The progression of the story takes some twists and turns with almost none of them being interesting as Yuri’s friend rises to prominence as a political activist in support of the Communist party but also an advocate for the Ukraine. Eventually, the distraught friend facing imprisonment and maybe even death, decides to take his own life. During a night of drinking and remembrance, Yuri gets into a fight with Soviet officers and kills one in the struggle which lands him in prison. He resorts to drawing on walls to maintain his sanity as groups of prisoners are executed nightly. He eventually escapes to make his return to his beloved Natalka. Back home, Natalka and her family have a particularly rough time with the same officer who killed Yuri’s father and injured Natalka’s mother because, well, it is a movie after all.
If you read either of the last two paragraphs and found anything overly exciting, I apologize as that means I captured the tone of this film poorly. Director George Mendeluk brings a rather TV-ish feel to Bitter Harvest which makes sense since most of his career has been spent making TV movies. His most famous work — 1985’s Doin’ Time whose cast includes Muhammad Ali as himself and 1986’s Meatballs III: Summer Job which features Patrick Dempsey as the main character who is getting help from a dead porn star to lose his virginity in order for her to earn her way into heaven — are real doozies. The German-born Mendeluk has a healthy list of television credits and his style is representative of that as Bitter Harvest never quite feels big screen caliber.
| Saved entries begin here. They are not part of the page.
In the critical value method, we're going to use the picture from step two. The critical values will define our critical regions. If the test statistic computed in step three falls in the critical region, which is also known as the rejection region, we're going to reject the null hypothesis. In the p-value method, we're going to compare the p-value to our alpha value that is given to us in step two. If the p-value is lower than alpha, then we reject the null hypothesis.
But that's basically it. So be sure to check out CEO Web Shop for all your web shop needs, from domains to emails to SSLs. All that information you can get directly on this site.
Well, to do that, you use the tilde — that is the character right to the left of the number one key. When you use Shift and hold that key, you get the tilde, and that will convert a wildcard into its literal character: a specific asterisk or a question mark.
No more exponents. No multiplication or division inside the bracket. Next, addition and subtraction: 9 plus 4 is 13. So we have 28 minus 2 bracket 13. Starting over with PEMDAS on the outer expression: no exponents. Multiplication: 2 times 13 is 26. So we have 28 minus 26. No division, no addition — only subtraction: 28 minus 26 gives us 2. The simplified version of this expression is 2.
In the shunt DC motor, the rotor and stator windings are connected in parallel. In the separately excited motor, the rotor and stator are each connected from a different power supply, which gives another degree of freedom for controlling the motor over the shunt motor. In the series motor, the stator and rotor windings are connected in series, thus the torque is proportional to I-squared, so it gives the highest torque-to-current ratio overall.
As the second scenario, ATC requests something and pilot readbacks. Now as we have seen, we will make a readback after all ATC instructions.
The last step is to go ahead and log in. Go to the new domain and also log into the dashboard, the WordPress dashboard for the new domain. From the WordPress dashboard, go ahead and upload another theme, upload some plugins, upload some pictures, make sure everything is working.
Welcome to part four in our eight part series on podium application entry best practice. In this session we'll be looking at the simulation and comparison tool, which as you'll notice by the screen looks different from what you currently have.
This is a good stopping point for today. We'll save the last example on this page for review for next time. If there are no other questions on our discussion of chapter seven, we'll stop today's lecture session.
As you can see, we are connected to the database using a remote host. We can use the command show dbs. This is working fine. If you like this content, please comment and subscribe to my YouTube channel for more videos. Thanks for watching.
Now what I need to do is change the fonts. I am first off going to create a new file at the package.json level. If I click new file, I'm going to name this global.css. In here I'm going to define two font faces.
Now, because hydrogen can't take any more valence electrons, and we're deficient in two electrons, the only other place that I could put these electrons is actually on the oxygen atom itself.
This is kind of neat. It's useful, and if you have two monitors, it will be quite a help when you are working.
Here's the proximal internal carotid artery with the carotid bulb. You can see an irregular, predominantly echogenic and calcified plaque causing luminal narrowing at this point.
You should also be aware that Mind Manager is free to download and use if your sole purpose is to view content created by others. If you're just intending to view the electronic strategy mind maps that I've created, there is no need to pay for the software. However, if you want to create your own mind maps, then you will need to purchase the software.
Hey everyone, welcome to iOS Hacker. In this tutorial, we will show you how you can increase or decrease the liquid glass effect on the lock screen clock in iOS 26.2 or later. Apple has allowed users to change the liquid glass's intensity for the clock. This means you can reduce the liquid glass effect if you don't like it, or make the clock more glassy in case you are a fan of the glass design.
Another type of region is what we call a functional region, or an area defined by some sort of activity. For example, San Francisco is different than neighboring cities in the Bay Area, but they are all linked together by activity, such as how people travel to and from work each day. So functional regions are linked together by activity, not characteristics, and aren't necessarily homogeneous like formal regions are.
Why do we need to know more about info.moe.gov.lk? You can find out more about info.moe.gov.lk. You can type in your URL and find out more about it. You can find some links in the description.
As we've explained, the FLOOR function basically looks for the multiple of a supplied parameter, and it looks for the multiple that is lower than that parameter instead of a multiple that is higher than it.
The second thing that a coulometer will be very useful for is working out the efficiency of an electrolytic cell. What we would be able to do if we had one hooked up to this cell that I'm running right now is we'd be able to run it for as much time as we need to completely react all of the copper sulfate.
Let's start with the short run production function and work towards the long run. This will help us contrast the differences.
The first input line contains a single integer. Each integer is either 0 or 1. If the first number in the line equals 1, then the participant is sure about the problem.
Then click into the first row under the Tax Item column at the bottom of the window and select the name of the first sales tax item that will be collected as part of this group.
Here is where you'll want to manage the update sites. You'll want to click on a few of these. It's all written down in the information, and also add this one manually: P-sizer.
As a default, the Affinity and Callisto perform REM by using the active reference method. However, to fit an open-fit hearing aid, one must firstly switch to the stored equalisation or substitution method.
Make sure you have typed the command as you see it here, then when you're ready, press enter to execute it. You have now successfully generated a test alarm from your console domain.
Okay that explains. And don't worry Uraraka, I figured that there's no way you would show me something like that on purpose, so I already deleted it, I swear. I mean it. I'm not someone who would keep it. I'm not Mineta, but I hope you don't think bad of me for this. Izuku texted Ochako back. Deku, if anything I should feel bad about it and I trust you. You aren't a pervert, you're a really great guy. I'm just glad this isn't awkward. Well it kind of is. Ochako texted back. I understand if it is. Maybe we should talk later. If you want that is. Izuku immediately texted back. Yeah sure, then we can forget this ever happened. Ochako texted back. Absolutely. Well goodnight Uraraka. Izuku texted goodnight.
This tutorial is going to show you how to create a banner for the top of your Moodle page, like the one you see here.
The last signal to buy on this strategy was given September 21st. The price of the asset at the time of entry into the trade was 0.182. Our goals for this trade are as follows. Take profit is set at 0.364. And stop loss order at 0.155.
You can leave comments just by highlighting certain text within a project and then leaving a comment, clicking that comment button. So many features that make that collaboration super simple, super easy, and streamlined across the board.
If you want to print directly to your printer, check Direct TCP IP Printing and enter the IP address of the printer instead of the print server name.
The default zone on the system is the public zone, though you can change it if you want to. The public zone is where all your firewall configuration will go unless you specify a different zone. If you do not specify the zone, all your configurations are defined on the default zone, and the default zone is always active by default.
The biggest problem though is how completely boring Bitter Harvest tends to be. The story is told in such a way that it’s hard to get overly excited about anything unfolding on screen. While Irons and Barks both deliver adequate performances, the film never delivers anything above the level of a TV drama. The story of the Holodomor deserves a better story and its victims a better memorial than this rather trivial and emotionally devoid tale. I would suspect someone else gives this story a go down the road and will likely have better luck than Bitter Harvest which only succeeds in boring its audience to tears rather than moving them.
“Spoiler Free” Pros
- The Subject is Worthy
The Holodomor is worth a big screen retelling. However, the film never quite sheds light on the incident in a way that makes the viewer care as it settles on kitschy clichés of love and separation and trite plotline advancements through similar methods throughout the film. That doesn’t sound like much of a pro when you put it that way, does it?
“Spoiler Free” Cons
- Smells Like TV Spirit
There’s a marked difference between television movies and cinematic pieces. That gap has closed over the years but Bitter Harvest, in particular, feels like a throwback to television movies of the 80s and 90s but never quite the glossy (or gritty which this film could have benefitted) feel a big screen film usually has. - An Identity Crisis
The biggest problem Bitter Harvest has (outside of its sleep-inducing level of boredom) is a lack of identity. It never quite captures the historical atrocity to reach epic status and the romance between Yuri and Natalka never sexy or steamy enough to be anything more than a tame love story with little excitement despite a story of uprising, resistance and war.